Problem details |
Return the lines below in which the string "with" occurs.

----------

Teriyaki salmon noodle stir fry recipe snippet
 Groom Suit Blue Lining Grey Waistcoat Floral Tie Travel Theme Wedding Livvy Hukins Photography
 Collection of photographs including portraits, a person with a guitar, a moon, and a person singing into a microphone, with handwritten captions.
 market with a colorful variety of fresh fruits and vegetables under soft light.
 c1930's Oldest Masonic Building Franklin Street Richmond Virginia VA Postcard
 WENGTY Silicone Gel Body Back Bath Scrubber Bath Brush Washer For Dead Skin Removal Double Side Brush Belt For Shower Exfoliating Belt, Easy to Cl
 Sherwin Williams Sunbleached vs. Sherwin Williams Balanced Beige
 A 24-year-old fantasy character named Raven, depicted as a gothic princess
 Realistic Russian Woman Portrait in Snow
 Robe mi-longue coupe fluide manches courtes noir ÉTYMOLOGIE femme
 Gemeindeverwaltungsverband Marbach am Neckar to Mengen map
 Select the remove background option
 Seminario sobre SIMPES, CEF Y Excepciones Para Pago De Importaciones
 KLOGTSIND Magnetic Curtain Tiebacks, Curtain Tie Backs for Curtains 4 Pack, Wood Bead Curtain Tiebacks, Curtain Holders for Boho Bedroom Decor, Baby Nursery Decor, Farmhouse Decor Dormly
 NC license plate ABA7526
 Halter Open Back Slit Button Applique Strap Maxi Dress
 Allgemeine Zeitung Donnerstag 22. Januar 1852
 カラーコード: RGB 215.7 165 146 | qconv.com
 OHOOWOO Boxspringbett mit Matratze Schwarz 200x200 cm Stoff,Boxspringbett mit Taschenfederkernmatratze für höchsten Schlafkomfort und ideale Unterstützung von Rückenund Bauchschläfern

----------

Output of the exercise |
 Collection of photographs including portraits, a person with a guitar, a moon, and a person singing into a microphone, with handwritten captions.
 market with a colorful variety of fresh fruits and vegetables under soft light.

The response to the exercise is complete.